Three studies reported BI-RADS 1, but only two reported incidence of cancer diagnoses (7 of 163, or 4.3 percent). BI-RADS 2 was reported in two studies, but only one reported incidence of cancer diagnosis (19 of 883, or 2.2 percent).
Four studies reported patients with BI-RADS 3 mammographic readings, of which cancer diagnoses were reported for three studies (22 of 2,034, or 1.1 percent incidence). Five studies reported patients with BI-RADS 4 readings. Three of these studies reported the number of patients diagnosed with cancer (30 of 54, or 55.6 percent).
Four studies reported patients with BI-RADS 5 readings. Two of these studies reported the number of patients diagnosed with cancer (78 of 83, or 94.0 percent). Three studies reported patients with BI-RADS 4 + 5 readings, in which 117 of 304 (38.5 percent) were diagnosed with cancer.
Combining the studies with BI-RADS 4, 5, or 4 + 5, in which cancer diagnoses were reported, there were eight studies (n=441, of which 225 patients (51.0 percent) were diagnosed with cancer).
Question 2 Results: What is the management of lobular carcinoma in situ (LCIS) and atypical hyperplasia (AH)?
Within 5 years after LCIS diagnosis, 4.2-9.3 percent of patients in the database were diagnosed with breast cancer. In studies that followed patients for greater than 5 years, the incidence of cancer was 7.7-26.3 percent. Incidence of cancer in LCIS patients varied widely, depending on treatment. The lowest incidence of cancer was seen in women who underwent bilateral mastectomy (zero), closely followed by women who took tamoxifen (1.9 percent), then observation, ipsilateral mastectomy, and local excision (9.3 percent).

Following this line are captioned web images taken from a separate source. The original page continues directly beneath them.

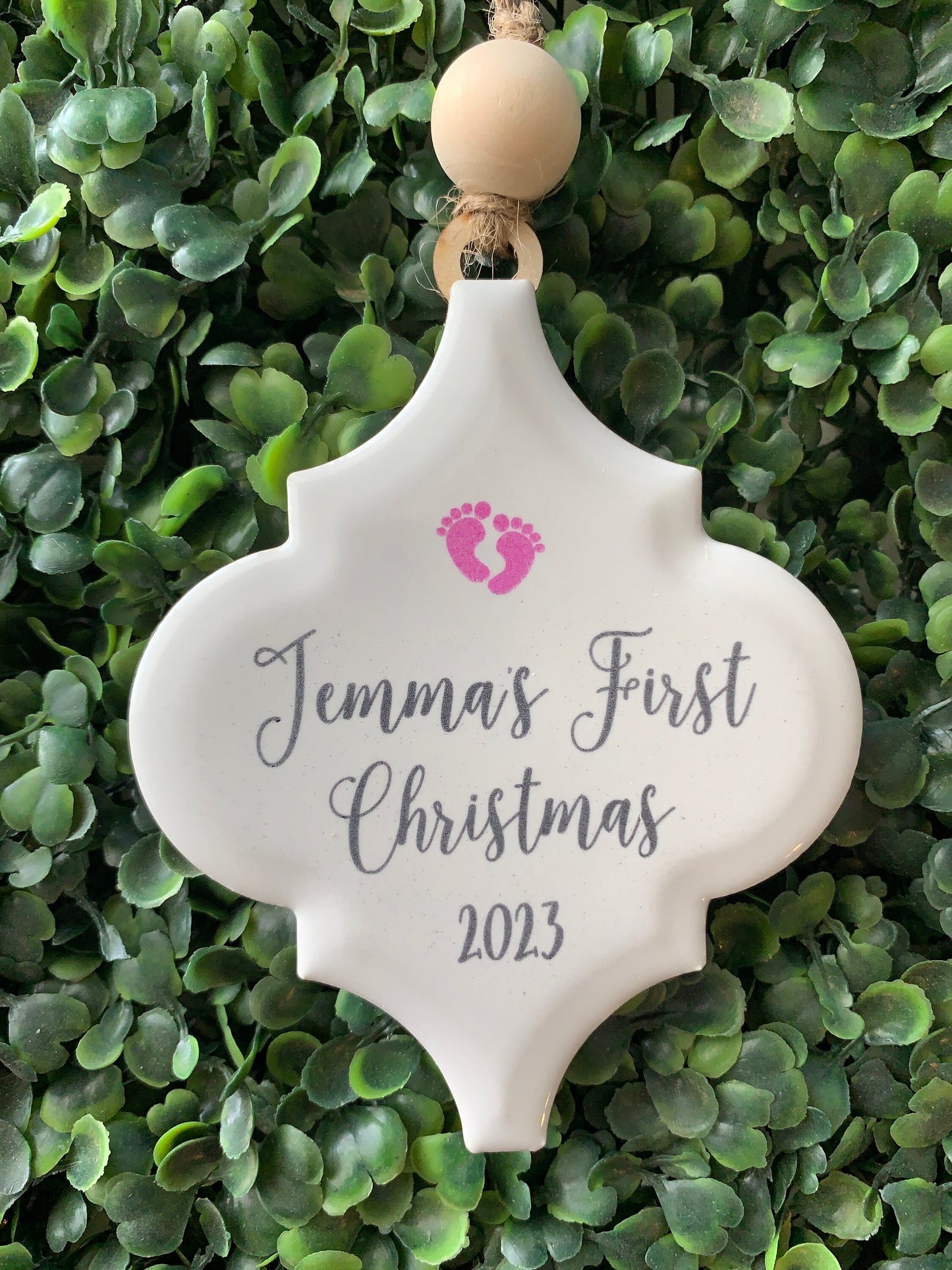 Baby's First Christmas Ornament  |  Porcelain Ornament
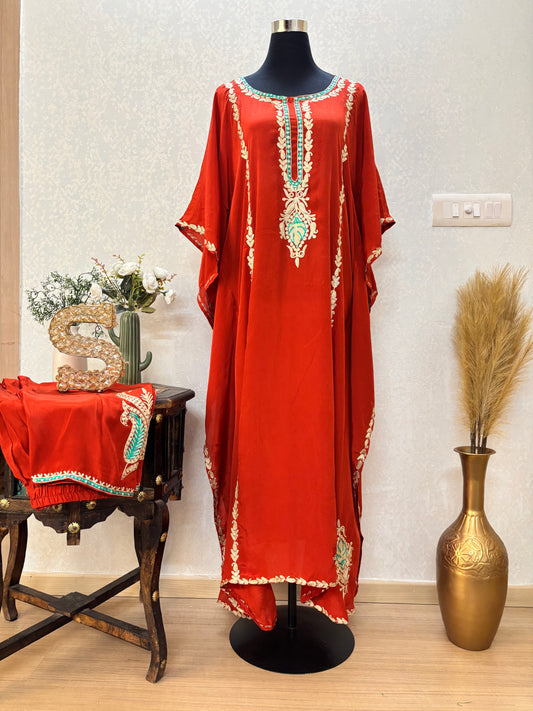 Rust Crape Front Back Kashmiri Kaftan Set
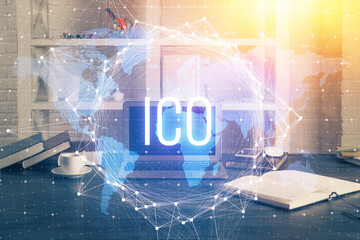Multi exposure of blockchain theme hologram and table with computer background. Concept of bitcoin...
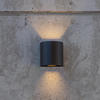 LED Außenwandleuchte Gemini, moderne Wandlampe aus Aluminium in Mattschwarz,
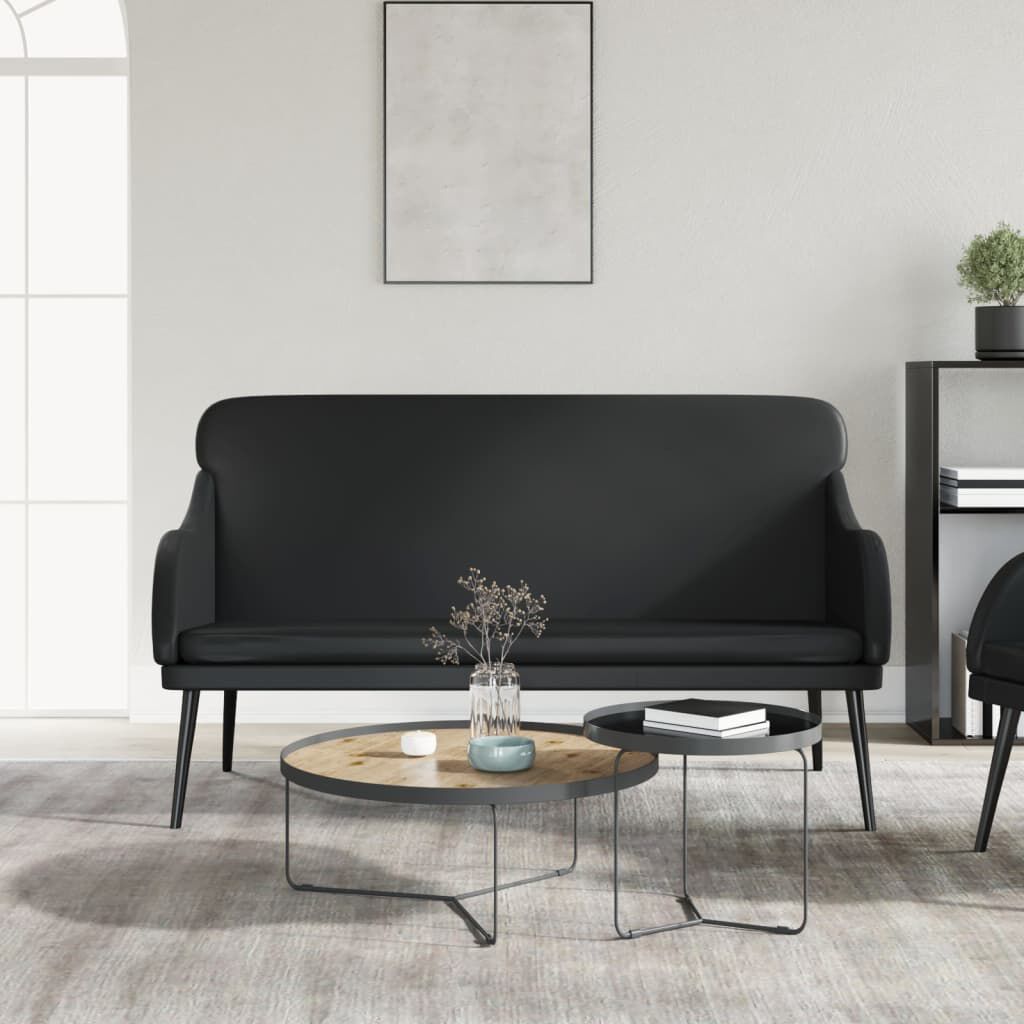 vidaXL Bench Black 110x76x80 cm Faux Leather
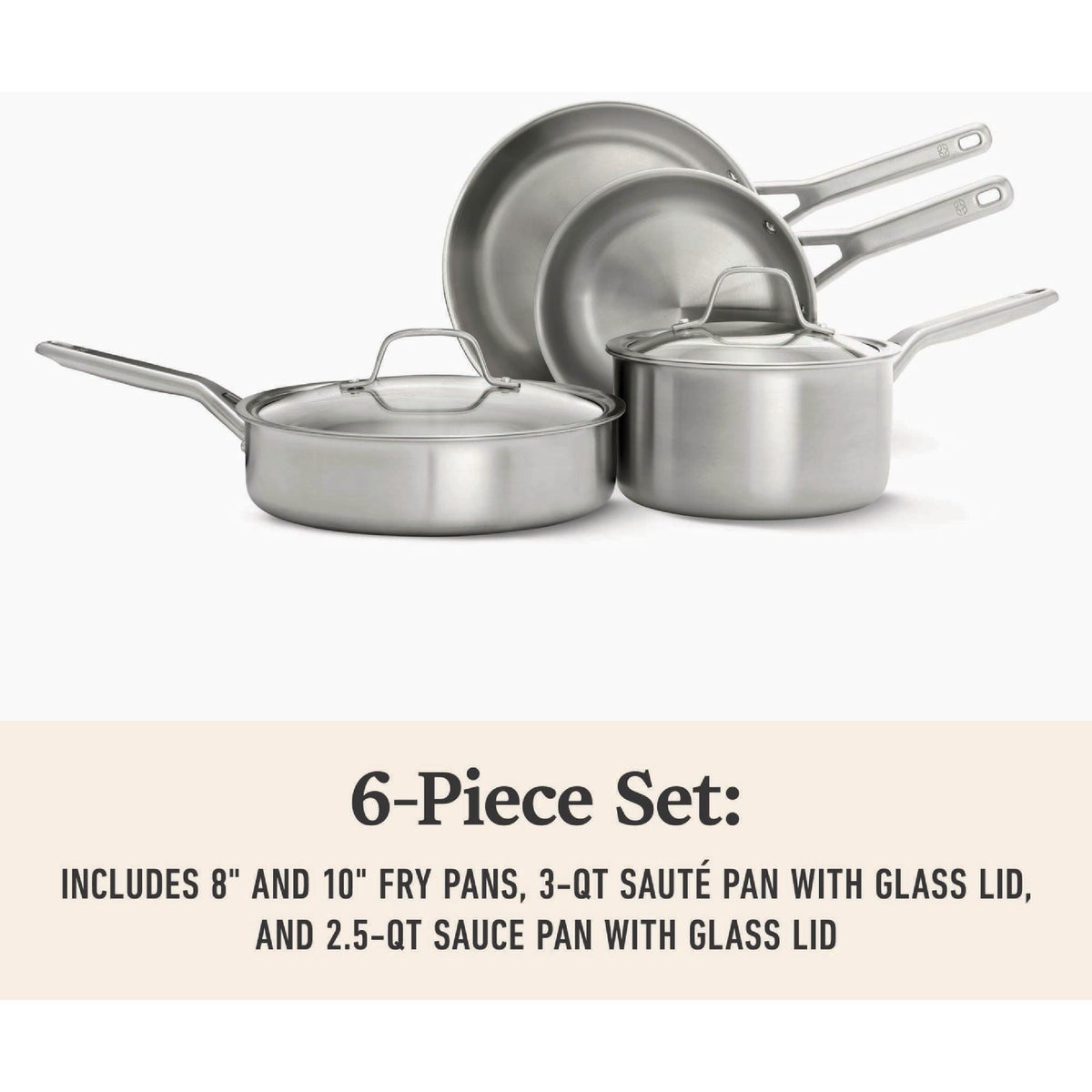 Calphalon Stainless Steel 6-Piece Cookware Set, Silver Image 5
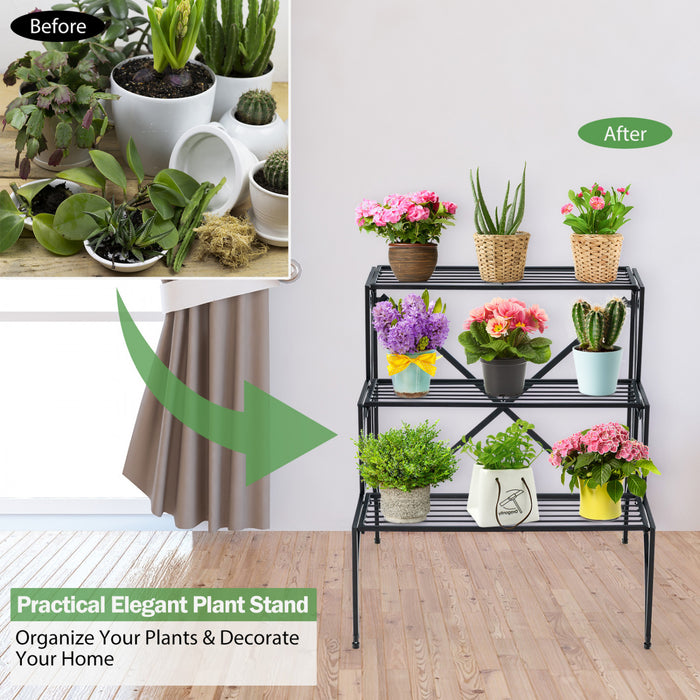 Costway 3 Tier Stair Style Metal Plant Stand Garden Shelf Flower Pot Display Rack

Within 5 years after AH diagnosis, 3.7-19.3 percent of patients were reported to develop breast cancer. In studies that followed patients for greater than 5 years after AH diagnosis, the incidence of cancer was 13.6-33.6 percent.
The evidence indicates that when SCBX yields a diagnosis of atypical ductal hyperplasia, an excisional biopsy of the lesion should be performed. Nearly 50 percent of patients with an original diagnosis of ADH had a change in diagnosis as a result of excisional biopsy. There was not enough information regarding ALH patients in the database to be able to make a similar assessment.
Although data are available from only one study, SERM therapy with tamoxifen appears to have a profound impact in decreasing the incidence of breast cancer following LCIS or AH. Enthusiasm for these results must be tempered, however, by recognition of the risks associated with SERM therapy, such as increased risk of endometrial cancer and thromboembolic disease.
Nineteen studies were performed in North America, and one was performed in Europe. Twelve studies were observational, including nine retrospective (n=705) and three prospective (n=420) studies. There were eight interventional studies, consisting of seven UCS (n=357) and one RCT (n=2,019).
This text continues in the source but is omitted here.